Caso Sea watch, l’ex comandante di MariSicilia Augusta, De Felice: “arrestare il capitano e convocare gli ambasciatori di Paesi Bassi e Germania”

Secondo l’ammiraglio di divisione è questa la “ricetta” per risolvere la fase di stallo in cui si trova, da 16 giorni, la nave della Ong ferma al largo di Lampedusa

“Arrestare la comandante e convocare gli ambasciatori di Paesi bassi e Germania”. E’ questa la “ricetta” per risolvere il caso della Sea Watch, la nave con bandiera olandese della ong tedesca ferma, ancora oggi, davanti a Lampedusa con a bordo, a 16 giorni dal soccorso, 40 migranti (nella notte sono stati fatti sbarcare una persona con problemi di salute trasferita in ospedale e il fratellino minorenne) secondo l’ammiraglio di divisione, Nicola De Felice che, fino a metà dicembre dell’anno scorso, guidava il comando di MariSicilia di Augusta.

E che da quando è andato in pensione, più volte rispetto a prima, ha espresso pubblicamente le sue opinioni sull’immigrazione affidate ieri a Facebook: “le convenzioni internazionali sul diritto del mare delle Nazioni unite, il Codice italiano della navigazione e le direttive nazionali sulla sicurezza richiedono delle azioni politiche e giuridiche inoppugnabili: -dice- le infrazioni commesse dal comandante della nave Sea Watch sono tali da richiederne l’immediato arresto se non addirittura l’estradizione in Libia qualora richiesto visto che le prime infrazioni sono state commesse in acque di competenza libica”.

Secondo De Felice il passaggio “illegale” dei migranti è stato commesso in territorio olandese quale è, appunto, la nave e in ottemperanza all’articolo 13 del Trattato di Dublino dell’Ue è l’Olanda che deve farsi carico dei migranti saliti a bordo, mentre “la Germania è la nazione della Ong responsabile del misfatto.
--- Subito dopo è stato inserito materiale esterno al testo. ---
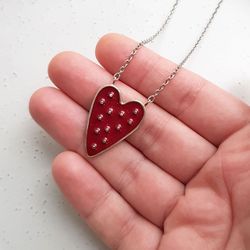 Polka dot heart pendant, handmade jewelry, metal and enamel pendant, 12 colors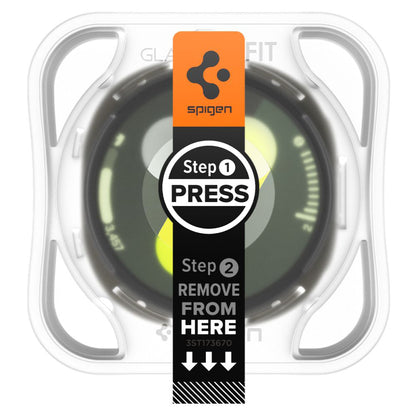 Spigen GlastR EZ FIT Beschermfolie voor Samsung Galaxy Watch8 44mm, Set van 2 stuks, Gehard Glas AGL09874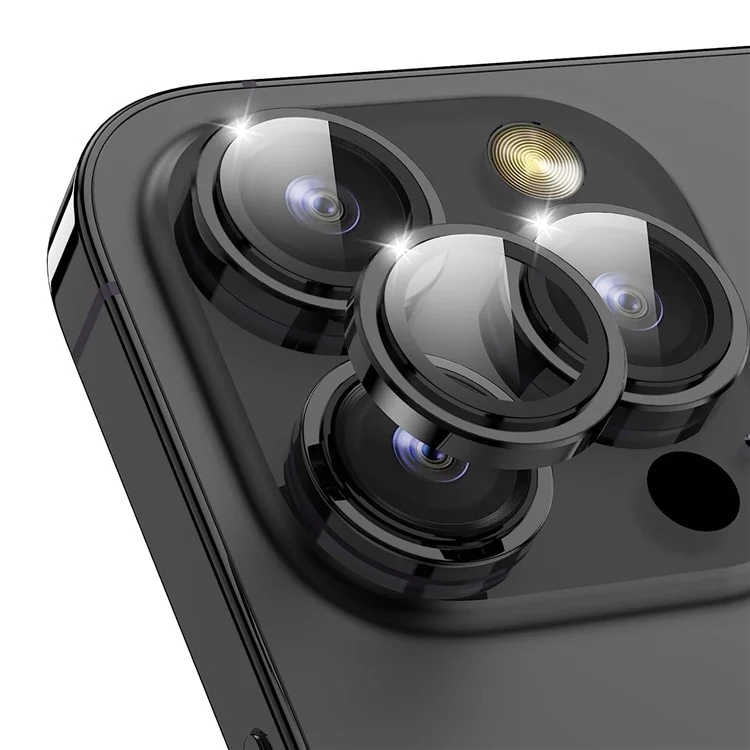 Para iPhone 15 Pro / 15 Pro Max Protector de lente de cámara Conjunto CD Vein Metal Individual Ring Película de vidrio templado para lente - Negro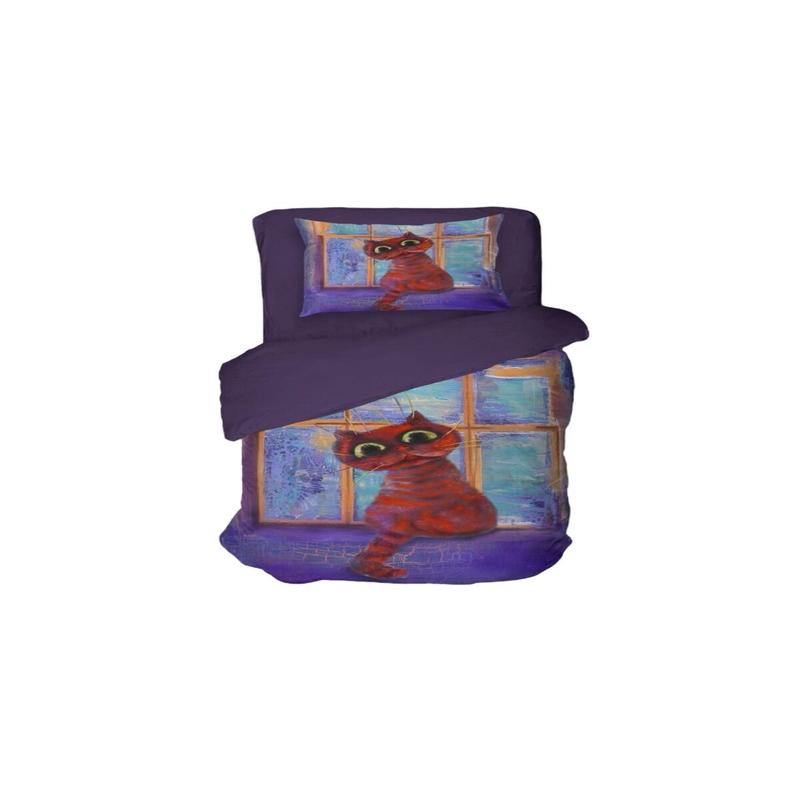 Red Cat 3D Digital Print Single Duvet Cover Set | Duvet Cover And 1 Pcs Pillowcase | Bedding Set, Bedroom Decor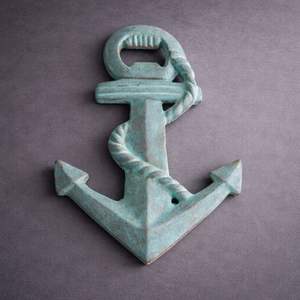 Décapsuleur en fonte en forme d'ancrage, design nautique vintage, fixation murale, finition résistante à la rouille, idéal pour la maison, le bar, la cuisine et la décoration - Product Image 1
Ai sensi delle più elementari regole diplomatiche internazionali, – prosegue- gli ambasciatori di tali stati devono essere immediatamente convocati per giustificare l’inerzia dei rispettivi Governi in tali misfatti”.

Dunque “la nave va sequestrata, vanno applicate le sanzioni amministrative previste ivi comprese le spese sostenute dallo Stato per la gestione del caso, come previsto dall’articolo 84 del codice di navigazione. Tutto ciò va fatto in tempo reale onde evitare che il misfatto sia emulato da altri incoscienti. Ne va della dignità di uno Stato sovrano come il nostro”.